Yesterday my wife called me during those torrential rains. While we were talking she had a blowout and then the phone went dead. I immediately got into my car and drove to Burlington to find her. I talked to her a few times before I got there with the call dropping each time. Once there I began to change the tire in the middle of all this water falling from the sky. I got all the lug nuts off, but the tire with all its brake dust and rust wouldn’t come off the car. Before long a man pulled into the driveway of the house we were parked in front of and after speaking to us for a moment came back with a hammer, crawled up under the car in all that water, and helped get the tire off.
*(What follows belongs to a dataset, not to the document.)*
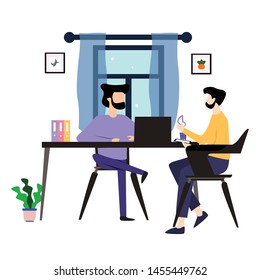 Man Working Vector Template Design Illustration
During all of this at one point, we heard the sound of metal bouncing down the road. “What was that?” “I don’t know.” With the wheel back on, we got in the car and drove home.
An hour or so later, after my shower, I was laying in bed when I realized my wedding band was missing. The metal on the road… I realized then my wedding ring had slipped off in the storm and flown out into the darkness. Julie and I got back in the car and drove back to Burlington. She was very quiet on the way and I said: “Are you ok?” “I’m just praying to Saint Anthony.” When we got there, she opened her door, turned on the flashlight, bent down and got back in the car. The ring was right at her feet. We were at least fifty feet from where we changed the tire, on the other side of a storm drain! Right out in the open, undamaged, and exactly where we stopped the car.
I don’t believe in coincidences. All of this was the providence of God. I think that’s the kind of radical trust Jesus is calling us to in the Gospel today. That when we go out into the world, we can trust God to provide every need we have. Whether it be a kind stranger to help get the tire off the car, or putting the ring you lost right at your feet when you return to find it, he will make sure you have exactly what you need. The question is: do we trust him enough to set out in faith? Each day is an opportunity to say: Jesus, I trust in you. Radical trust. The kind of trust that says despite the storms of life that drench us as we try to work in this world, we will continue to change the tires that need to be changed.
What a wonderful story of help when you needed it and the intercession of St. Anthony!! Jesus I trust in you!